__EXERCISE DATA__.

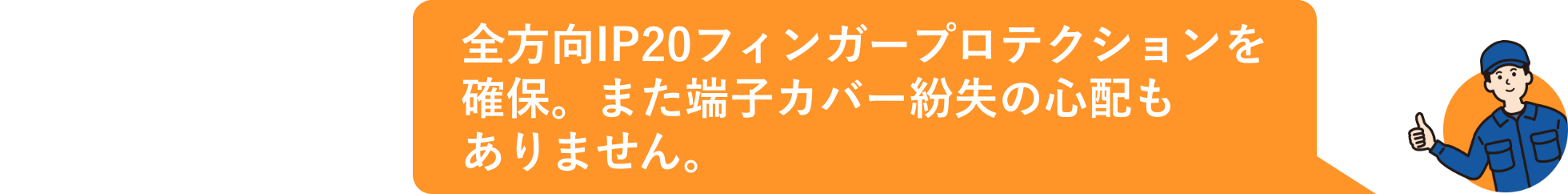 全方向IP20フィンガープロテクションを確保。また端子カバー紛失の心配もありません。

...

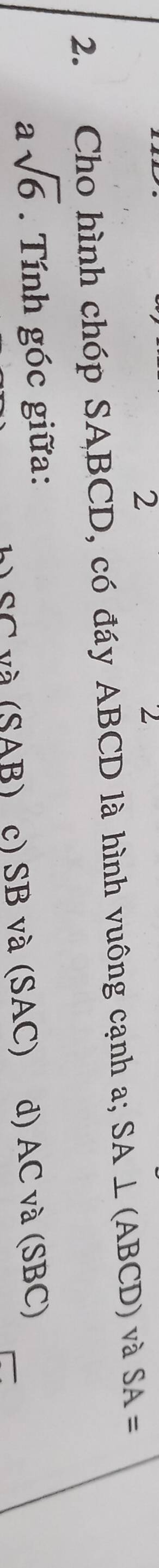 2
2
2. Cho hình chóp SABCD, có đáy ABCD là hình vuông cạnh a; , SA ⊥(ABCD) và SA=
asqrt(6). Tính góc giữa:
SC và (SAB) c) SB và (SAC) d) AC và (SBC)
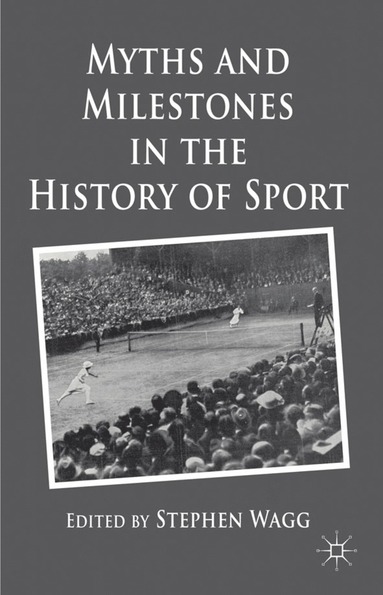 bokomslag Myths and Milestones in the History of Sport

...

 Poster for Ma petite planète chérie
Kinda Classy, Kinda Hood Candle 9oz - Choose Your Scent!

__THE PROBLEM__. From the records above, quote word for word only the lines beginning at the line that has "SC và (SAB) c) SB và (SAC) d) AC và (SBC)" and stopping after the line that has "bokomslag Myths and". Omit the pictures.

__RESULT OF THIS EXERCISE__.
SC và (SAB) c) SB và (SAC) d) AC và (SBC)
 bokomslag Myths and Milestones in the History of Sport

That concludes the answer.